Ruling

00016-24 Janner v The Times

  • Complaint Summary

    Daniel Janner KC complained to the Independent Press Standards Organisation that The Times breached Clause 1 (Accuracy) and Clause 4 (Intrusion into grief or shock) of the Editors’ Code of Practice in an article headlined “Anonymity law for sex crime suspects must be repealed”, published on 29 December 2023.

    • Date complaint received

      8th May 2024

    • Outcome

      Breach - sanction: action as offered by publication

    • Code provisions

      1 Accuracy, 4 Intrusion into grief or shock

Decision of the Complaints Committee – 00016-24 Janner v The Times


Summary of Complaint

1. Daniel Janner KC complained to the Independent Press Standards Organisation that The Times breached Clause 1 (Accuracy) and Clause 4 (Intrusion into grief or shock) of the Editors’ Code of Practice in an article headlined “Anonymity law for sex crime suspects must be repealed”, published on 29 December 2023.

2. The article was comment piece which appeared on page 24 of the newspaper, under the “Thunderer” heading. The article gave the writer’s view on new legislation in Northern Ireland, which would give anonymity to alleged sex offenders. It opened with: “Jimmy Savile was a serial sex offender who preyed on young women and girls for his depraved personal pleasure” and went on to say “[b]ut to publish the identity of someone who has been reported to police over such appalling acts now constitutes an offence in one part of the United Kingdom”.
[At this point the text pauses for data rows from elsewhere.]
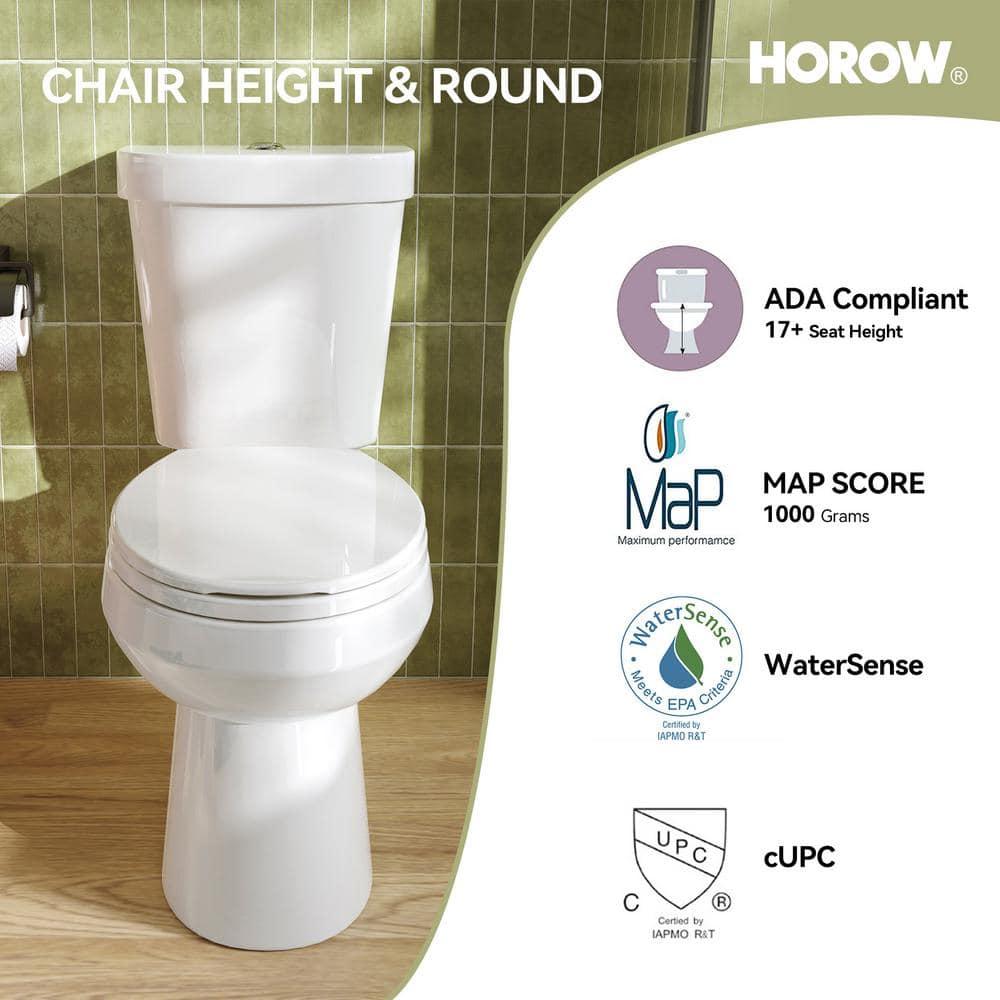 HOROW 1.28 Gallons GPF Round Chair Height Floor Mounted Two-Piece Toilet (Seat Included)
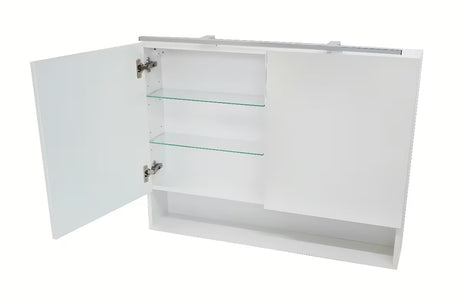 Veidrodinė spintelė Naturel Vario baltos matinės spalvos su veidrodinėmis durelėmis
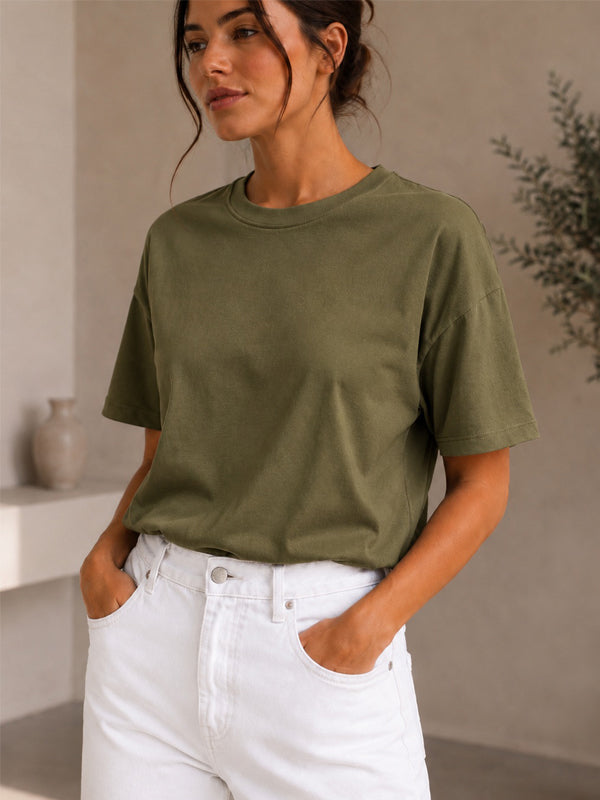 Kadın Basic Yeşil %100 Pamuk T-Shirt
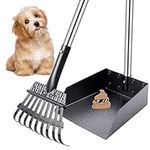 TNELTUEB Dog Pooper Scooper Metal Pet Poop Tray and Rake with Long Stainless Handle Best Bin with Rake for Large Dog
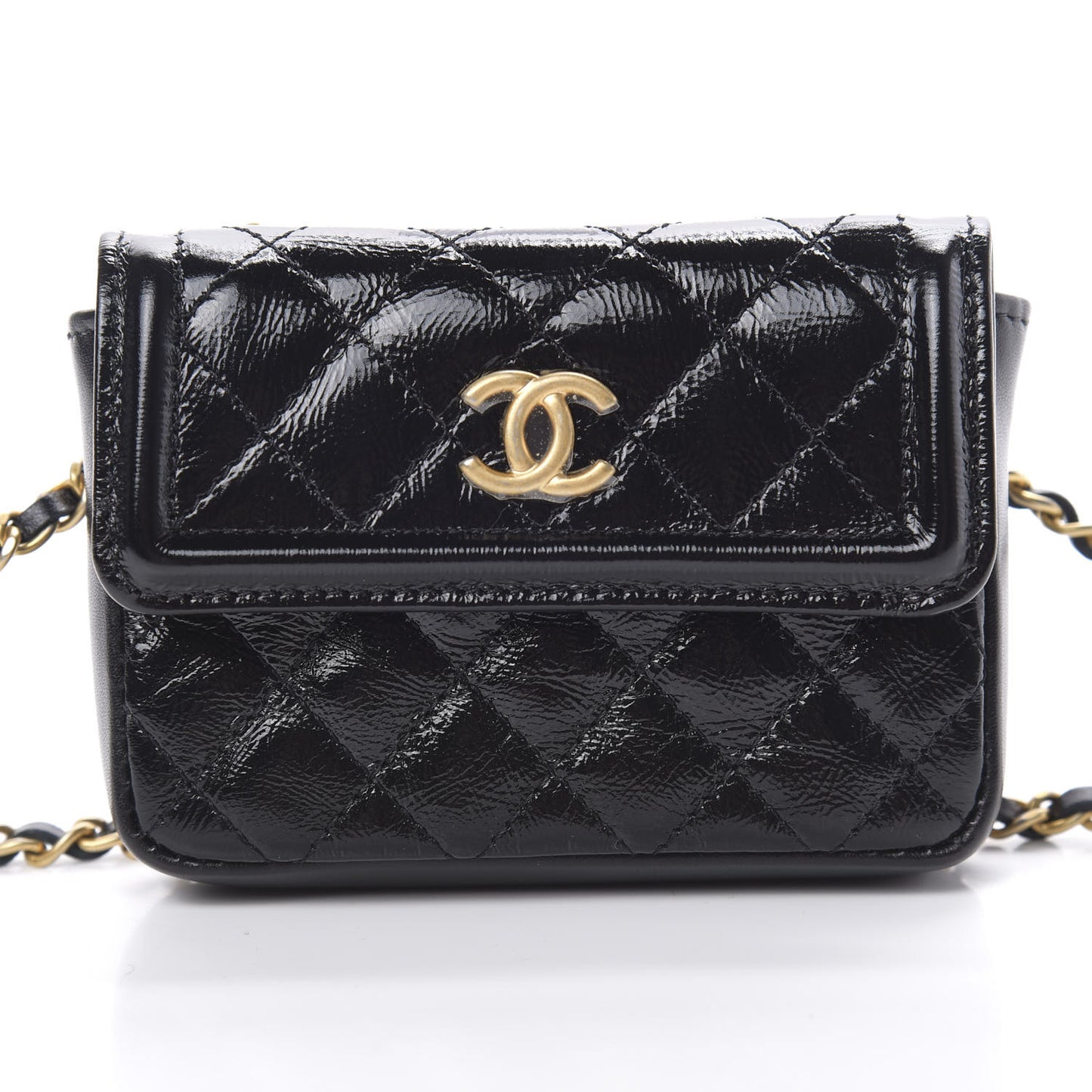 Shiny Aged Calfskin Quilted Waist Belt Bag Black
3. The article then detailed the legislation in question: “In September an extraordinary law came into force in Northern Ireland that gives suspected sex offenders who have never been charged with any offence anonymity for life. Then this law goes even further — extending that ban on naming suspected sex offenders until 25 years after their death”. The article then set out numerous criticisms of this law. As part of this, it said: “A public inquiry would not be able to investigate and report in the way that the Independent Inquiry into Child Sexual Abuse examined the claims against MPs such as [a named individual], Greville Janner and [a named individual], as well as many other unconvicted sex offenders”.

4. The article also appeared online, under the headline “Absurd anonymity law for sex crime suspects must be repealed".

5. The complainant said that the article was inaccurate in breach of Clause 1 because it reported that his late father, Lord Greville Janner, was a sex offender. He said that Lord Janner was not a sex offender, was never found guilty of being a sex offender, and that all civil proceedings brought against him were withdrawn or collapsed; he therefore stated that the article had ignored the presumption of innocence.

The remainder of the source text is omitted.